Netanyahu takes advantage of the fact that he is a biographer, and hence endowed with hindsight. He brings the words of Abravanel himself to demonstrate his political blindness and apathy: "Jews dwell securely in all the countries of Spain, feasting on delicacies in peace and tranquillity." The obliviousness of the German Jews and European Jewry to the dangers of the Nazis provides Netanyahu with a concrete example of how the Jews of Spain ignored the warning signs. The alarm should have sounded with the onset of the pogroms of 1391, which was followed by waves of forced conversion and reached a peak when the Inquisition was established, 11 years before the final expulsion edict. Despite centuries of oppression, the Jews of Spain dismissed the dangers and became hooked on the illusion that the pogroms were a lightening rod that would divert the hatred toward the converts and away from the Jews.

Isn't Netanyahu's criticism a case of being smart after the fact? Well, obviously, a historian is not meant to judge his subjects. He cannot know for sure how things might have turned out if the protagonist had acted differently or refrained from certain actions. But this does not detract from the importance of asking questions. What is history if not histoire, a story with a moral? The lessons are learned not by unearthing the events of the past, but by observing how they illuminate the wounds of the present.

'Castles in the air'
"Don Isaac Abravanel" was first published in 1953, in English and Spanish. Half a century later, the gap has closed with the book's publication in Hebrew. Aharon Amir's translation, which lends a somewhat archaic feel to the narrative, along with Netanyahu's restrained writing style, fit in nicely with the mysterious atmosphere of this medieval tale. It is an intriguing tale about a man who soars high and falls low, who watches helplessly as ships laden with Jews sail off to their deaths, and who hobnobs with princes and dukes in the palaces of Naples and Venice.
The drama reaches a pinnacle in the final chapters: Abravanel, shattered and depressed by his people's fate, disgusted with the vanities and temptations of this world, consolidates a pessimistic view of the world as Sodom and Gomorrah, fated to be destroyed in an apocalyptic war. His belief in the end of history is supported by intricate eschatological calculations proving that sometime between 1501 and 1513, salvation will arrive: An end-of-days war between Christians and Muslims will destroy evil Rome; from beyond the Sambatyon River a Jewish army of the Ten Tribes will arise and take revenge on the enemies of Israel; the dead will return to life, and the Messiah, now revealed, will lead the last revolution - the revolution of the Kingdom of Heaven. These "castles in the air" built by Abravanel in his old age would be called delusions today, but to his contemporaries, this scenario sounded completely plausible. Juan II of Portugal was then competing with Ferdinand and Isabella in financing naval expeditions in which adventurous mariners set sail for India and Africa to get their hands on the mythical treasures of lost worlds. Columbus, his voyage financed by rich Crypto-Jews in Spain, went searching for Indian gold and reached America. Magellan headed for the Spice Islands and discovered new routes in the Pacific Ocean. Bartolomeu Dias was sent to explore the coasts of West Africa and his sailors returned with fabulous stories of Jewish kingdoms across the ocean. Rumor had it that a Jewish kingdom was also discovered in the East, and its armies had fought the mythical Christian king Prester John.

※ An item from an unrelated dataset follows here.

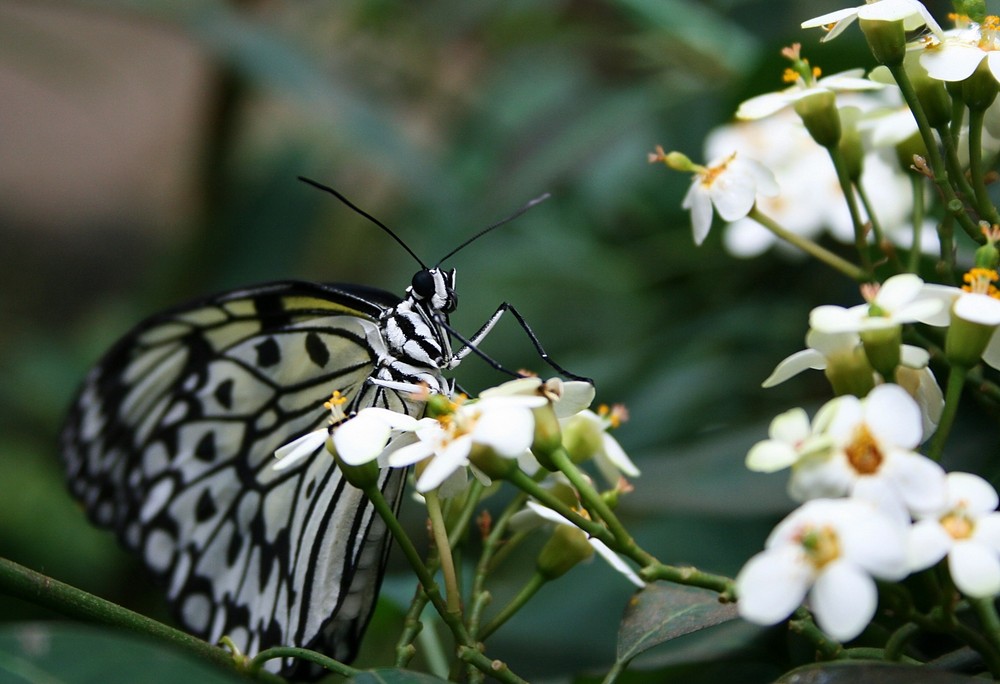 Mal ein Schmetterling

This era of geographical exploration and the sense of space conjured up by the New World, which contrasted starkly with the gloomy prospects of the Jews, prompted Abravanel to fantasize about a mythical solution for his persecuted people. In this Jewish theocracy that he predicted would arise at any moment, he envisioned a humane and democratic government in which everyone would have the right to vote; in which the judges would be chosen by the people rather than the king; in which officials would serve the public, not their superiors.
How did this Jewish version of Savonarola, the fundamentalist monk who prophesied the fall of corrupt Rome-Babylonia, come up with the format for a democratic, constitutional Jewish state hundreds of years before one was established? Netanyahu believes he took his cue from the Venetian republic, which had democratic components not often seen in those days. Perhaps throwing off the yoke of this world made it easier for him to offer Europe in general, and the Jews in particular, an improved model of government that would only come into being centuries later.

One way or another, the critical distance that the author has established between himself and his protagonist does not prevent him from reaching out and praising this paradoxical "man of the future," who had one foot planted in the Middle Ages and the other in the Renaissance, a man whose political thinking and messianic vision were a way of sizing up and overcoming the obstacles of his time.